CenterForOpenScience / waterbutler

WaterButler is a Python web application for interacting with various file storage services via a single RESTful API, developed at Center for Open Science.
Apache License 2.0
62 stars 76 forks source link

504 Gateway Time-out when using osf-client and google drive #284

Closed luizirber closed 6 years ago

luizirber commented 7 years ago

Using the current master for osf-client:

pip install https://github.com/dib-lab/osf-cli/archive/cf525b42de3ef8ddef8cb4a4d4f5c826160f7a35.zip

When I try to list the contents of project vk4fa:

$ osf -p vk4fa list
googledrive/kraken_db/taxonomy/taxdump.tar.gz
googledrive/kraken_db/taxonomy/taxdump.flag
googledrive/kraken_db/taxonomy/taxdump.dlflag
googledrive/kraken_db/taxonomy/readme.txt
googledrive/kraken_db/taxonomy/nodes.dmp
googledrive/kraken_db/taxonomy/names.dmp
googledrive/kraken_db/taxonomy/merged.dmp
googledrive/kraken_db/taxonomy/gi_taxid_nucl.dmp
googledrive/kraken_db/taxonomy/gimap.flag
googledrive/kraken_db/taxonomy/gimap.dlflag
googledrive/kraken_db/taxonomy/gencode.dmp
googledrive/kraken_db/taxonomy/gc.prt
googledrive/kraken_db/taxonomy/division.dmp
googledrive/kraken_db/taxonomy/delnodes.dmp
googledrive/kraken_db/taxonomy/citations.dmp
googledrive/kraken_db/seqid2taxid.map
Traceback (most recent call last):
 File "bin/osf", line 11, in <module>
   load_entry_point('osfclient==0.0.3', 'console_scripts', 'osf')()
 File "lib/python3.6/site-packages/osfclient/__main__.py", line 104, in main
   exit_code = args.func(args)
 File "lib/python3.6/site-packages/osfclient/cli.py", line 91, in wrapper
   return_value = f(cli_args)
 File "lib/python3.6/site-packages/osfclient/cli.py", line 222, in list_
   for file_ in store.files:
 File "lib/python3.6/site-packages/osfclient/models/file.py", line 111, in _iter_children
   children.extend(self._follow_next(url))
 File "lib/python3.6/site-packages/osfclient/models/core.py", line 64, in _follow_next
   response = self._json(self._get(url), 200)
 File "lib/python3.6/site-packages/osfclient/models/core.py", line 60, in _json
   status_code))
RuntimeError: Response has status code 504 not (200,)

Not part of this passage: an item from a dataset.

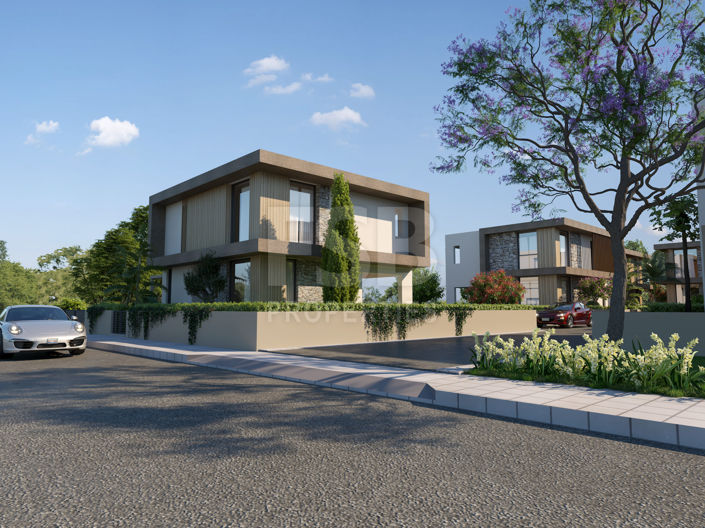 Image No.2-3 Bed Villa for sale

Running with PDB and digging into the Response, the URL failing is https://api.osf.io/v2/nodes/vk4fa/files/googledrive/kraken_db/library/Viruses/. We can reproduce the error with cURL at this point:

$ curl https://api.osf.io/v2/nodes/vk4fa/files/googledrive/kraken_db/library/Viruses/ 
<html>
<head><title>504 Gateway Time-out</title></head>
<body bgcolor="white">
<center><h1>504 Gateway Time-out</h1></center>
<hr><center>nginx</center>
</body>
</html>

If I go to https://osf.io/vk4fa/files/ and find the same path (googledrive/kraken_db/library/Viruses/) it loads the content of this folder.

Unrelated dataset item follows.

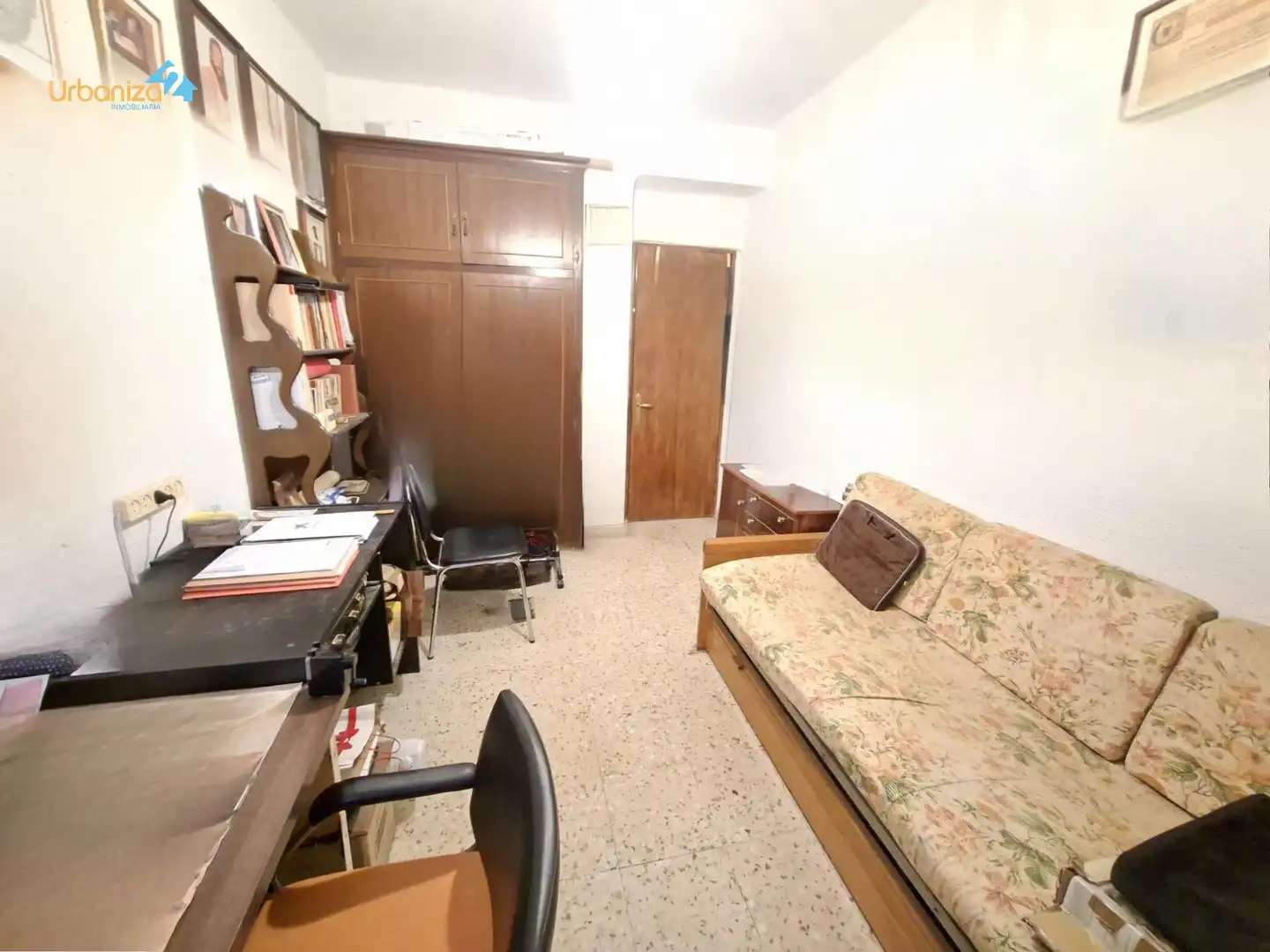 Flat for sale in Badajoz  with Terrace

From this point on I don't know how to debug: why does it work in the web frontend, but it fails when I query the API directly?

brianjgeiger commented 7 years ago

@luizirber Could you try connecting that to a project on test.osf.io to see if the problem replicates? That should let us know if it's something in the database or something with that directory.

sloria commented 7 years ago

@luizirber We've just deployed a fix that should prevent that timeout. Would you mind trying again?

felliott commented 6 years ago

@luizirber, did that fix work for you?

felliott commented 6 years ago

Closing as part of New Year's tidyness party! Feel free to reopen if the original issue has not been fixed.